**** Source material ****

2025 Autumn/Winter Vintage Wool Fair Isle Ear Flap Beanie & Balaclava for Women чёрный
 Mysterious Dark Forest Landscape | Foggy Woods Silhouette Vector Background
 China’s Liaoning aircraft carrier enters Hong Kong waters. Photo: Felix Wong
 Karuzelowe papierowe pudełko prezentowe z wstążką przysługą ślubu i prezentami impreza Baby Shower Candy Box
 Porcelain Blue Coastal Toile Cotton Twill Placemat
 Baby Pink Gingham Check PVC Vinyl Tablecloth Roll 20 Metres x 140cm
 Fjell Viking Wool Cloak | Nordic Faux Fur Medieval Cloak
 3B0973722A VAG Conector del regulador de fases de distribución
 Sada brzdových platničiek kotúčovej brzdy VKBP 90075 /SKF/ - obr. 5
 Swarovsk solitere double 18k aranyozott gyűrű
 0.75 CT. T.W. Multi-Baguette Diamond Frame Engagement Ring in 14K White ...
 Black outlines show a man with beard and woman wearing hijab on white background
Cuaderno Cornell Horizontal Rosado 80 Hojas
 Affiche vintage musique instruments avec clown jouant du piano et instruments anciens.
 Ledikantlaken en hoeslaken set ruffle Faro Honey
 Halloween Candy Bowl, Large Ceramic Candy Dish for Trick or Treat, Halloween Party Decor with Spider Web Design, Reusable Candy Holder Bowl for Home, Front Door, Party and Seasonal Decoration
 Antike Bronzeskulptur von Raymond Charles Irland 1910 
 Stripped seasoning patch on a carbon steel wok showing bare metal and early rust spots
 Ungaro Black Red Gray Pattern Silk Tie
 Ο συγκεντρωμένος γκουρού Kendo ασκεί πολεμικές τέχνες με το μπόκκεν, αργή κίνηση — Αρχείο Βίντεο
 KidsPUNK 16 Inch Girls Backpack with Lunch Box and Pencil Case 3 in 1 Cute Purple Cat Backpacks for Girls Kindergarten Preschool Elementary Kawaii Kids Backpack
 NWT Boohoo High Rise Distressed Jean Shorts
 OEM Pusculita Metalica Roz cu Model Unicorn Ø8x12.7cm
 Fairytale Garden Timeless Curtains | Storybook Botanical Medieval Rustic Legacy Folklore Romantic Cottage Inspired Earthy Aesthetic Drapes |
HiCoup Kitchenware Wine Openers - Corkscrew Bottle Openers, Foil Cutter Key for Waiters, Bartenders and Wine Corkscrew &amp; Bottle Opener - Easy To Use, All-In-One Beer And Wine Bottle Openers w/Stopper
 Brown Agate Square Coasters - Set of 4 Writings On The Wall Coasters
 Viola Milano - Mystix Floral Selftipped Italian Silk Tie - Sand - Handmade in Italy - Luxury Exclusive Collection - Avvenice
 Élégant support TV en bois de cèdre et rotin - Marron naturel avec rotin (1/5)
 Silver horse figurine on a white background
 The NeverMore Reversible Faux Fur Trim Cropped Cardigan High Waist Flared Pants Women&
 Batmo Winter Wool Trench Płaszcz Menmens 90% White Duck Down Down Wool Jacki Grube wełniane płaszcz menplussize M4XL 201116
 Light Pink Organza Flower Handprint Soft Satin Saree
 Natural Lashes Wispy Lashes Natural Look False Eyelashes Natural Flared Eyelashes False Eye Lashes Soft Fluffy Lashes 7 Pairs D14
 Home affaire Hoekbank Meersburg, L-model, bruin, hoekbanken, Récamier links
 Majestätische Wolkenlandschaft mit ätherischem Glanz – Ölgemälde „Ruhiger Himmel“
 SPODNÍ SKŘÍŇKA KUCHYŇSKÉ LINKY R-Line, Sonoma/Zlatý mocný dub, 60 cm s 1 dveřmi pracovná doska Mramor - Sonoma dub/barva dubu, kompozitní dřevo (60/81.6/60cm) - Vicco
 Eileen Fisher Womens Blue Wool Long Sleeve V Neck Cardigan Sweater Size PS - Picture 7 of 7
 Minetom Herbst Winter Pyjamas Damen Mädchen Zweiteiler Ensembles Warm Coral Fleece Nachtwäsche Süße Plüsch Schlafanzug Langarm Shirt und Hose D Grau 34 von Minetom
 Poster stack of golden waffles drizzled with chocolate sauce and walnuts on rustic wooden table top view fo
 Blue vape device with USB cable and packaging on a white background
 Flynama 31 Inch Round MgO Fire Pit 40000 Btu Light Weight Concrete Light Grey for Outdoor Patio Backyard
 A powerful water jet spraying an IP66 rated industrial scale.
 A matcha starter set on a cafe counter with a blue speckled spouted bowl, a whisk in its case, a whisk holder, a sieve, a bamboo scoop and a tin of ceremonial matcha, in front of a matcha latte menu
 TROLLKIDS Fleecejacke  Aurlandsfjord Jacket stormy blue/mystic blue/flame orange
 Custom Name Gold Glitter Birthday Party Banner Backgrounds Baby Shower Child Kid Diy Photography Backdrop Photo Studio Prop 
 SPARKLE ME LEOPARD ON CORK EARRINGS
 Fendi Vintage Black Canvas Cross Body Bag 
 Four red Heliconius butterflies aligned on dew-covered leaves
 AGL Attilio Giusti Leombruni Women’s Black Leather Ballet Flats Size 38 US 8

****

Starting at the first line and ending at the last, restate the material word for word.

2025 Autumn/Winter Vintage Wool Fair Isle Ear Flap Beanie & Balaclava for Women чёрный
 Mysterious Dark Forest Landscape | Foggy Woods Silhouette Vector Background
 China’s Liaoning aircraft carrier enters Hong Kong waters. Photo: Felix Wong
 Karuzelowe papierowe pudełko prezentowe z wstążką przysługą ślubu i prezentami impreza Baby Shower Candy Box
 Porcelain Blue Coastal Toile Cotton Twill Placemat
 Baby Pink Gingham Check PVC Vinyl Tablecloth Roll 20 Metres x 140cm
 Fjell Viking Wool Cloak | Nordic Faux Fur Medieval Cloak
 3B0973722A VAG Conector del regulador de fases de distribución
 Sada brzdových platničiek kotúčovej brzdy VKBP 90075 /SKF/ - obr. 5
 Swarovsk solitere double 18k aranyozott gyűrű
 0.75 CT. T.W. Multi-Baguette Diamond Frame Engagement Ring in 14K White ...
 Black outlines show a man with beard and woman wearing hijab on white background
Cuaderno Cornell Horizontal Rosado 80 Hojas
 Affiche vintage musique instruments avec clown jouant du piano et instruments anciens.
 Ledikantlaken en hoeslaken set ruffle Faro Honey
 Halloween Candy Bowl, Large Ceramic Candy Dish for Trick or Treat, Halloween Party Decor with Spider Web Design, Reusable Candy Holder Bowl for Home, Front Door, Party and Seasonal Decoration
 Antike Bronzeskulptur von Raymond Charles Irland 1910 
 Stripped seasoning patch on a carbon steel wok showing bare metal and early rust spots
 Ungaro Black Red Gray Pattern Silk Tie
 Ο συγκεντρωμένος γκουρού Kendo ασκεί πολεμικές τέχνες με το μπόκκεν, αργή κίνηση — Αρχείο Βίντεο
 KidsPUNK 16 Inch Girls Backpack with Lunch Box and Pencil Case 3 in 1 Cute Purple Cat Backpacks for Girls Kindergarten Preschool Elementary Kawaii Kids Backpack
 NWT Boohoo High Rise Distressed Jean Shorts
 OEM Pusculita Metalica Roz cu Model Unicorn Ø8x12.7cm
 Fairytale Garden Timeless Curtains | Storybook Botanical Medieval Rustic Legacy Folklore Romantic Cottage Inspired Earthy Aesthetic Drapes |
HiCoup Kitchenware Wine Openers - Corkscrew Bottle Openers, Foil Cutter Key for Waiters, Bartenders and Wine Corkscrew &amp; Bottle Opener - Easy To Use, All-In-One Beer And Wine Bottle Openers w/Stopper
 Brown Agate Square Coasters - Set of 4 Writings On The Wall Coasters
 Viola Milano - Mystix Floral Selftipped Italian Silk Tie - Sand - Handmade in Italy - Luxury Exclusive Collection - Avvenice
 Élégant support TV en bois de cèdre et rotin - Marron naturel avec rotin (1/5)
 Silver horse figurine on a white background
 The NeverMore Reversible Faux Fur Trim Cropped Cardigan High Waist Flared Pants Women&
 Batmo Winter Wool Trench Płaszcz Menmens 90% White Duck Down Down Wool Jacki Grube wełniane płaszcz menplussize M4XL 201116
 Light Pink Organza Flower Handprint Soft Satin Saree
 Natural Lashes Wispy Lashes Natural Look False Eyelashes Natural Flared Eyelashes False Eye Lashes Soft Fluffy Lashes 7 Pairs D14
 Home affaire Hoekbank Meersburg, L-model, bruin, hoekbanken, Récamier links
 Majestätische Wolkenlandschaft mit ätherischem Glanz – Ölgemälde „Ruhiger Himmel“
 SPODNÍ SKŘÍŇKA KUCHYŇSKÉ LINKY R-Line, Sonoma/Zlatý mocný dub, 60 cm s 1 dveřmi pracovná doska Mramor - Sonoma dub/barva dubu, kompozitní dřevo (60/81.6/60cm) - Vicco
 Eileen Fisher Womens Blue Wool Long Sleeve V Neck Cardigan Sweater Size PS - Picture 7 of 7
 Minetom Herbst Winter Pyjamas Damen Mädchen Zweiteiler Ensembles Warm Coral Fleece Nachtwäsche Süße Plüsch Schlafanzug Langarm Shirt und Hose D Grau 34 von Minetom
 Poster stack of golden waffles drizzled with chocolate sauce and walnuts on rustic wooden table top view fo
 Blue vape device with USB cable and packaging on a white background
 Flynama 31 Inch Round MgO Fire Pit 40000 Btu Light Weight Concrete Light Grey for Outdoor Patio Backyard
 A powerful water jet spraying an IP66 rated industrial scale.
 A matcha starter set on a cafe counter with a blue speckled spouted bowl, a whisk in its case, a whisk holder, a sieve, a bamboo scoop and a tin of ceremonial matcha, in front of a matcha latte menu
 TROLLKIDS Fleecejacke  Aurlandsfjord Jacket stormy blue/mystic blue/flame orange
 Custom Name Gold Glitter Birthday Party Banner Backgrounds Baby Shower Child Kid Diy Photography Backdrop Photo Studio Prop 
 SPARKLE ME LEOPARD ON CORK EARRINGS
 Fendi Vintage Black Canvas Cross Body Bag 
 Four red Heliconius butterflies aligned on dew-covered leaves
 AGL Attilio Giusti Leombruni Women’s Black Leather Ballet Flats Size 38 US 8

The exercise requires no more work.